Hace alrededor de treinta y cinco años, durante mi etapa en la educación primaria, compartí aula y cursos con un joven que padecía serios trastornos psicomotrices: caminaba a duras penas y, finalmente, terminó sus días postrado en una silla de ruedas, uno de sus brazos permanecía cosido al costado de su cuerpo, la cabeza ladeada no le permitía mirar de frente, la comisura de sus labios presentaba perpetuamente un hilillo de baba…
En la escuela, todos los niñ@s, y puedo decir todos porque no recuerdo ni un solo capítulo que me diera lugar a pensar de otro modo, no solo le respetábamos, sino que mostrábamos simpatía y afecto por él. Le incluíamos en nuestros juegos, le ayudábamos a trasladarse, compartíamos pupitre con él y le apoyábamos en sus tareas, reíamos y bromeábamos sin reparar en nuestras diferencias físicas.
Su edad era superior a la de cualquiera de los que allí nos encontrábamos y esto también nos servía a nosotr@s, pues, a pesar de sus dificultades él, sin ninguna duda, mostraba mayor madurez que el resto.
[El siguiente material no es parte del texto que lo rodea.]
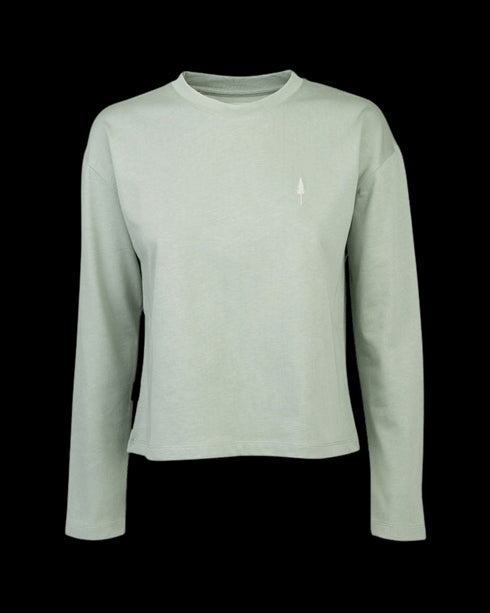 TreeShirt Longsleeve Dropshoulder Women Cool Matcha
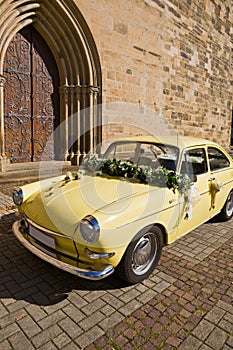 Starý svatba auto 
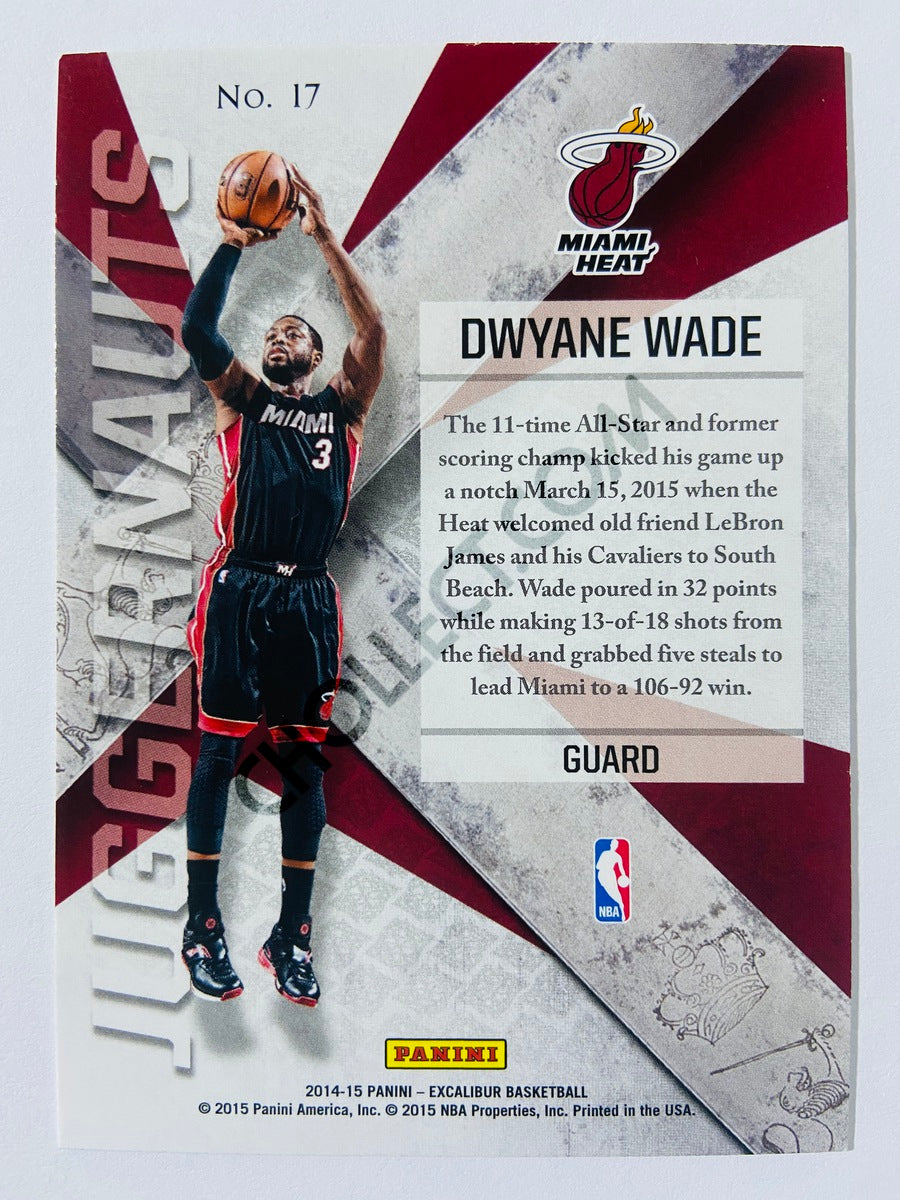 Dwyane Wade - Miami Heat 2014-15 Panini Excalibur Juggernauts #17
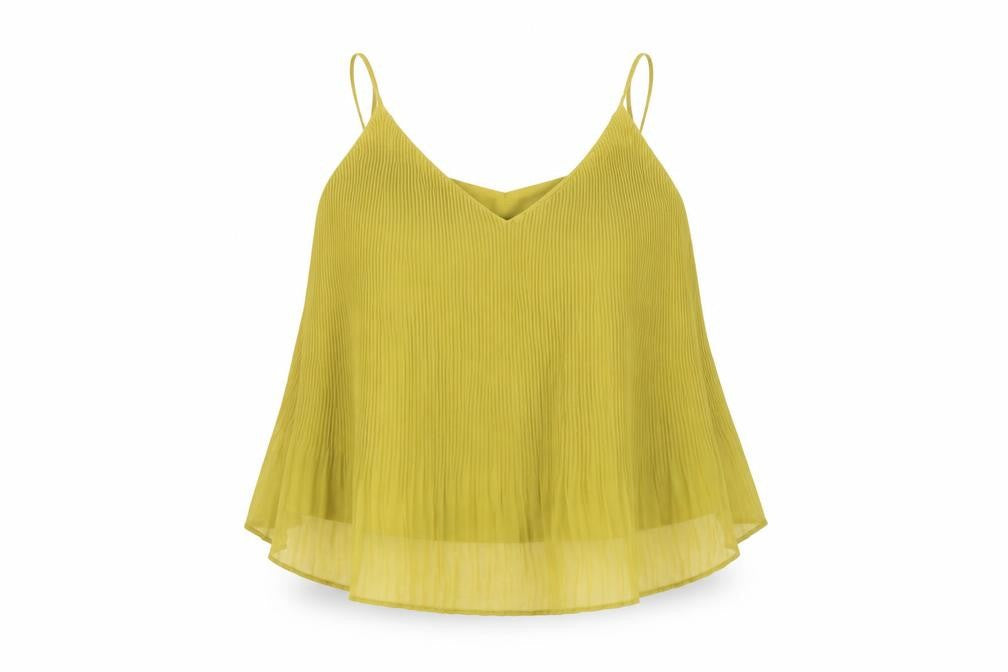 Topshop Womens Green  Polyester Basic Blouse Size 8 V-Neck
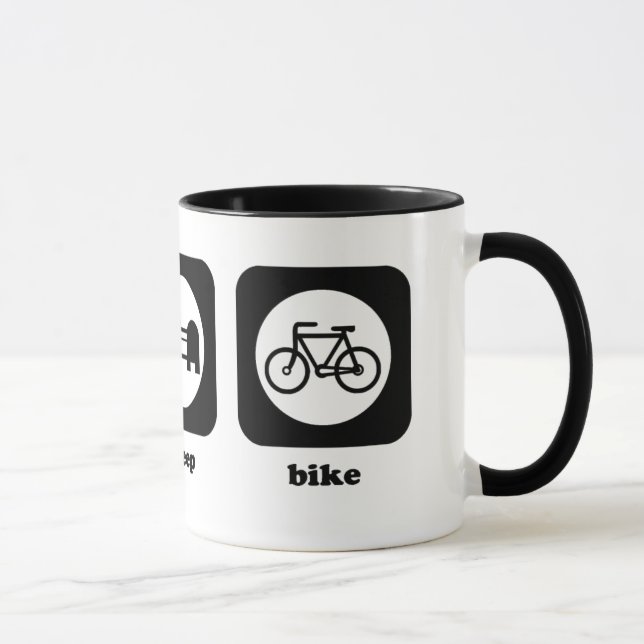 Mangez. Sommeil. Vélo. Tasse (Droite)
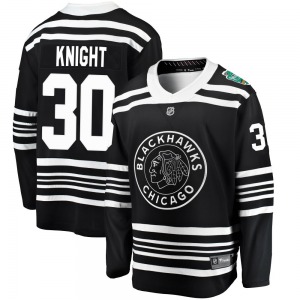 Spencer Knight Chicago Blackhawks Fanatics Branded Breakaway 2019 Winter Classic Jersey (Black)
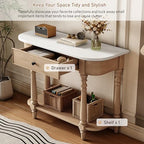 36’’ Half Moon Curved Entryway Console Table - Image 3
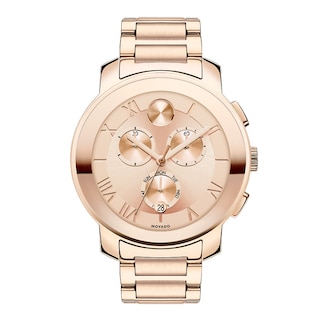 Ladies' Movado Bold® Chronograph Watch with Rose-Tone Dial (Model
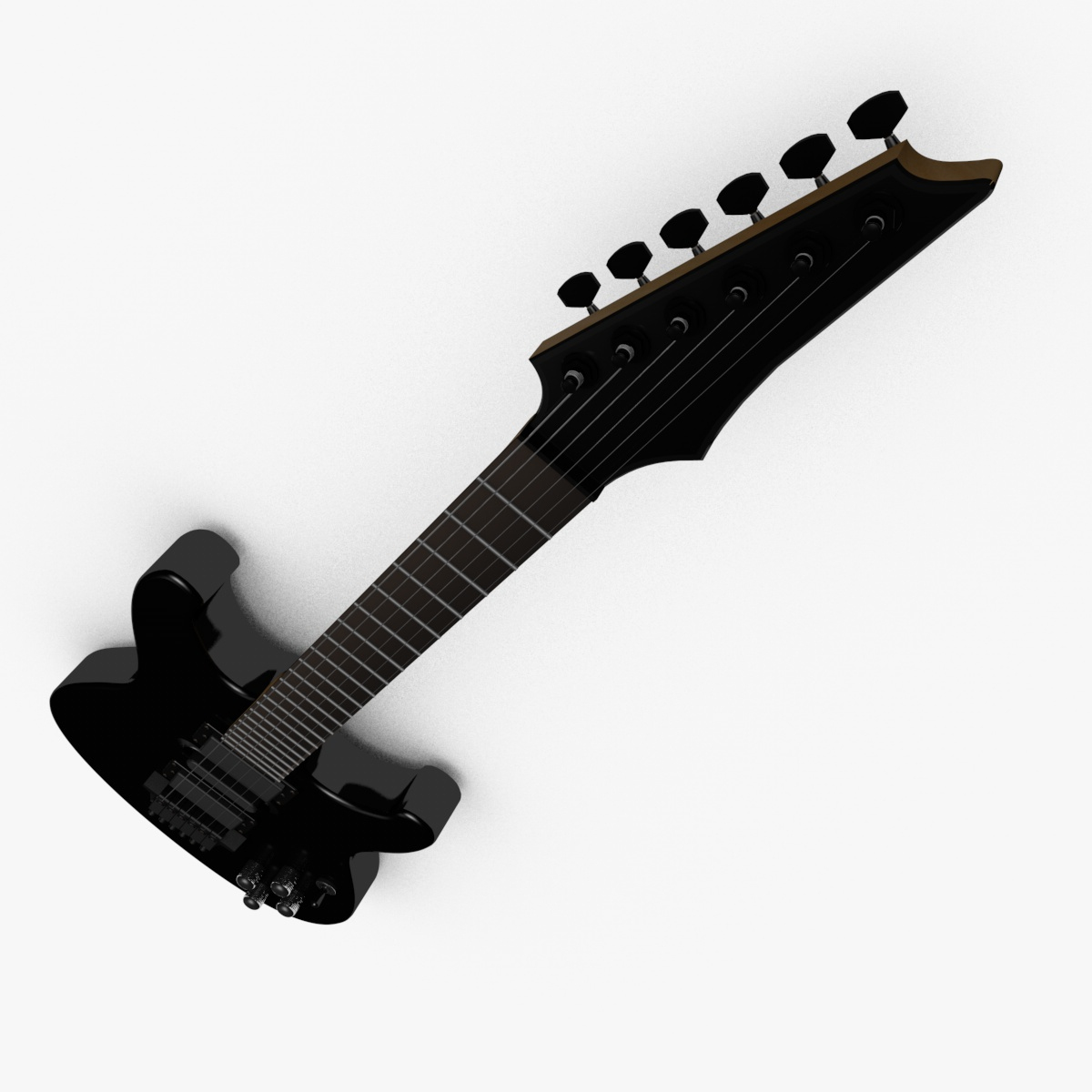 3d fender electric guitar model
Compartimos curso y aula desde tercero de primaria y cada año continúo pasando de curso y de aula con el mismo grupo con el que había comenzado. Las tareas que le exigía el maestr@, evidentemente, no eran las mismas que para el resto. El leía a duras penas, aunque cuando lo hacía a viva voz, para toda el aula, tod@s escuchábamos y poníamos un poco de empeño y voluntad por vencer a aquellas malditas letras que se le amontonaban en la garganta ahogando su voz.
Pasaba sus horas dibujando concentradamente, o esforzándose por imitar las grafías en el cuadernillo de dos rayas. Nunca le vi esbozar una mueca de hastío o rencor; más bien, su risa descontrolada y poderosa es hoy, en el recuerdo, la imagen que aún perdura en mi mente.
Yo continué mi periplo estudiantil en otros centros y otras aulas; él siguió en el aula que albergaba a los que cursaban séptimo curso.
Se me antoja que lo que vivimos en aquel colegio, la relación que se estableció entre el mismo y el “discapacitado”, la forma en que fue incluido y tenido en cuenta dentro del grupo, el modo en que se suplieron las deficiencias de recursos técnicos y de material…, bien podría servir de ejemplo a la hora de pensar en el modelo de lo que ha de ser una escuela inclusiva.
Al cabo del tiempo, terminando yo mis estudios de bachiller, un día, tan especial como cualquier otro, las campanas de la iglesia tocaron a duelo. Más tarde me enteré que lo hacían por Luis… había decidido dejar de leer y escribir.